Neutral citation: [2025] KEHC 6926 (KLR)

Republic of Kenya

In the High Court at Nairobi (Milimani Law Courts)

Criminal

Criminal Revision E1764 of 2024

AM Muteti, J

May 15, 2025

Between

Jane Gichuki Wangeci

Appellant

and

Benson Gethi Wangui

1st Respondent

Republic

2nd Respondent

Ruling

1. The applicant by way of a Notice of Motion dated 6th December 2024 expressed to be brought under the provisions of Article 49 (1)(h) of the Constitution, Section 123(3) and Section 362 of the Criminal Procedure Code moved this court for the following Orders:a).That this matter be certified as urgent and the same be heard ex-parte in the 1st instance.b).That this Honorable Court be pleased to stay the Orders issued by Hon. Wandia Nyamu on the 5th December 2024 pending Hearing and determination of this Application.c).That this Honorable Court be pleased to review and set aside the Orders issued by Hon. Wandia Nyamu on the 5th December 2024 and further order that the cash bail be refunded to the Applicant and her advocates on record.d).That cost of this application be in the cause.

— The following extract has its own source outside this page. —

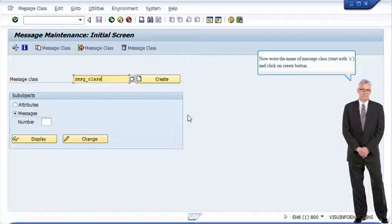Now write the name of message class, start with Z, and click on create button.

2. The application is supported by the affidavit of Jane Gichuki Wangeci besides the following grounds:a)That the Applicant was acquitted in Criminal Case Number 1905 of 2015. b)That the trial court made an order that the cash bail be refunded to the Applicant and her advocates on record.c)That unknown to the applicant the 1st Respondent filed an application to have the cash bail paid to himself.d)That the subordinate court on the 5th December 2024 made an ex-parte Order that the cash bail be paid to the 1st Respondent.

3. The applicant in her affidavit deposed that she was acquitted in Criminal Case Number 1905 of 2015.

4. That thereafter the court made an order for the refund of the cash bail to herself and her advocates on record.

5. That unknown to her the 1st Respondent made an application to have the cash bail refunded to him.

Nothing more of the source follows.